Subsequently, components contained in the toner according to this embodiment will be described.

The toner according to this embodiment contains at least a binder resin, a coloring agent, and a release agent.

Examples of the binder resin according to this embodiment include polyester, styrene acrylate, polyurethane, and an epoxy resin, and particularly, a polyester resin having a glass transition temperature Tg of 60° C. or lower is preferred from the viewpoint of low-temperature fixability. As the polyester, for example, as raw material monomers of the polyester, a dihydric or higher hydric alcohol component and a divalent or higher valent carboxylic acid component such as carboxylic acid, carboxylic anhydride, or carboxylic acid ester are used. As the styrene acrylate, a styrene polymer, a styrene-diene copolymer, a styrene-alkyl (meth)acrylate copolymer, and the like can be exemplified.

The molecular weight of the binder resin is not particularly limited, and can be suitably determined by a person skilled in the art. However, from the viewpoint of low-temperature fixability, for example, the weight average molecular weight Mw of the polyester resin can be set to 5000 or more and 50000 or less. Further, the melting point thereof is preferably from 80 to 130° C., and also the glass transition temperature Tg thereof is preferably from 30 to 60° C.

As the coloring agent according to this embodiment, a carbon black, an organic or inorganic pigment or dye, or the like is used.

Examples of the carbon black include acetylene black, furnace black, thermal black, channel black, and Ketjen black. Examples of the pigment and dye include fast yellow G, benzidine Yellow, indofast orange, irgajin red, carmen FB, permanent bordeaux FRR, pigment orange R, lithol red 2G, lake red C, rhodamine FB, rhodamine B lake, phthalocyanine blue, pigment blue, brilliant green B, phthalocyanine green, and quinacridone. These coloring agents can be used alone or in admixture.

Examples of the release agent according to this embodiment include waxes. Examples of the waxes include aliphatic hydrocarbon waxes such as low-molecular weight polyethylenes, low-molecular weight polypropylenes, polyolefin copolymers, polyolefin waxes, microcrystalline waxes, paraffin waxes, and Fischer-Tropsch waxes; oxides of an aliphatic hydrocarbon wax such as polyethylene oxide waxes or block copolymers thereof; vegetable waxes such as candelilla wax, carnauba wax, Japan wax, jojoba wax, and rice wax; animal waxes such as beeswax, lanolin, and spermaceti wax; mineral waxes such as ozokerite, ceresin, and petrolactum; waxes containing, as a main component, a fatty acid ester such as montanic acid ester wax and castor wax; and deoxidation products resulting from deoxidation of a part or the whole of a fatty acid ester such as deoxidized carnauba wax.

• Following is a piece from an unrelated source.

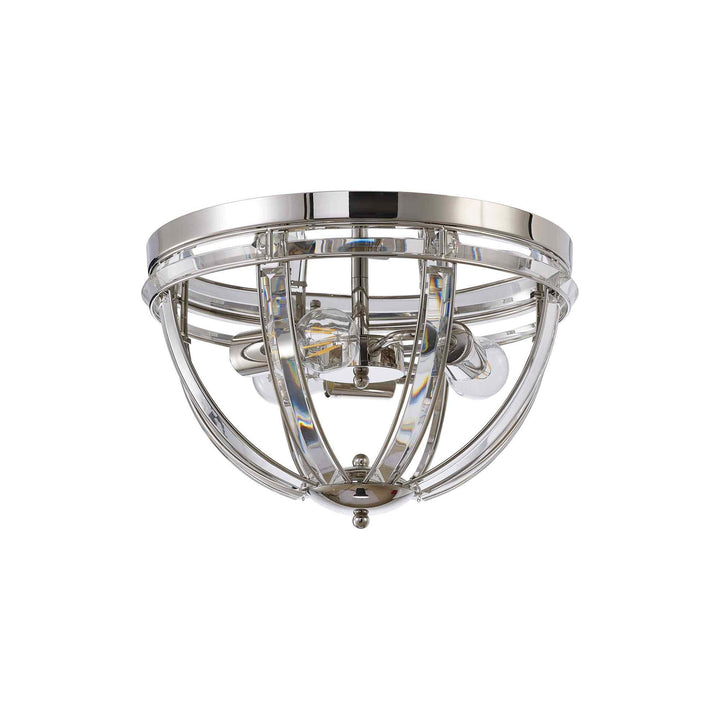 Nelson Lighting NL86389 Char 3 Light Flush Ceiling Light Polished Nickel Clear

Further, in the toner according to this embodiment, a component other than the binder resin, the coloring agent, and the release agent may be contained, and for example, a charge control agent may be contained. As the charge control agent, a metal-containing azo compound is used, and the metal element is preferably a complex or a complex salt of iron, cobalt, or chromium or a mixture thereof. Further, a metal-containing salicylic acid derivative compound is also used, and the metal element is preferably a complex or a complex salt of zirconium, zinc, chromium, or boron, or a mixture thereof. Further, in order to adjust the fluidity or chargeability of toner particles, inorganic fine particles may be externally added and mixed therewith. As such inorganic fine particles, silica, titania, alumina, strontium titanate, tin oxide, and the like can be used alone or in admixture of two or more kinds thereof. It is preferred that as the inorganic fine particles, those surface-treated with a hydrophobizing agent are used from the viewpoint of improvement of environmental stability. Further, other than such inorganic oxides, resin fine particles having a size of 1 μm or less can be added for improving the cleaning property.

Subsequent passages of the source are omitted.